Renault-Nissan looks to dethrone Maruti Suzuki2 min read . Updated: 15 Apr 2016, 03:38 AM IST
Renault-Nissan Alliance has declared a war in India's small-car market, which also happens to be market leader Maruti Suzuki India's stronghold
New Delhi: The Renault-Nissan Alliance has declared a virtual war in India’s small-car market, which also happens to be market leader Maruti Suzuki India Ltd’s bread-and-butter segment.
After the success of the Renault Kwid, which has sold 41,204 units in the six months to March and boasts an order book of 125,000 units, Nissan Motor India Pvt. Ltd has lined up the Datsun redi-Go, expected to be priced at around ₹ 2.5 lakh.
Maruti Suzuki’s Alto, Alto K10 and Wagon R models sell more than 400,000 units a year in India, the world’s largest small-car market.
Last year, Renault-Nissan had launched the Datsun Go+, a compact multipurpose vehicle, following its Go small car, and expanding its network in small towns. However, the two Datsun models combined have only sold 45,000 units in India since Carlos Ghosn, chairman and chief executive of the Renault-Nissan Alliance, first introduced the brand in the country in 2014.
But the big bet is on the redi-Go, said Vincent Cobee, head of Datsun at Nissan Motor Co., in an interview on Thursday. “Strong innovation is actually getting traction, which means that when you put your ticket on your table and say I am willing to commit to a new platform and a new power train and attractive products. That’s the case of redi-Go. People react to that and say something new is happening. There is a new offer here. For substantially less than ₹ 3 lakh, you can get a new car," Cobee said.
Though Nissan did not announce price details on Thursday, a person with direct knowledge of the matter said the car will be priced around ₹ 2.5 lakh (ex-showroom, Delhi).

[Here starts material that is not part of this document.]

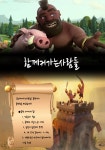 클래시오브클랜 인벤 : _.신생._함께커가는사람들 인원대모집 - 클래시오브클랜 인벤 클랜 홍보 게시판 클래시오브클랜 인벤 : _.신생....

“The idea is to present the most affordable car in the segment," the person said, requesting anonymity.
Based on the same platform as the Kwid, the redi-Go will go on sale from 1 May and deliveries will start from the first week of June. The small-car market, consisting of models that cost less than ₹ 4 lakh, accounts for half of India’s car market, but few manufacturers have been able to break Maruti’s stranglehold on the segment.
The sub- ₹ 4 lakh category includes cars such as Maruti Suzuki’s Alto and Wagon R, and Hyundai Motor India Ltd’s Eon and i10. Mint on 6 April reported that world’s largest car maker, Toyota Motor Corp., plans to introduce Daihatsu products in India. Daihatsu is a small-car specialist and competes directly with Suzuki Motor Corp. in many markets.
With Datsun cars, Nissan has taken a shot at incorporating Indian-style frugality in engineering and style. Internationally, Nissan stopped selling the Datsun in 1981 after selling more than 20 million units in 80 years.
Ghosn’s thought process was inspired by his close friend, former Tata group chairman Ratan Tata, who created the Nano, billed as the world’s cheapest car and priced at ₹ 1 lakh then, in 2008.
Eight years later, Tata Motors is in the midst of positioning the Nano as a smart car to boost flagging sales.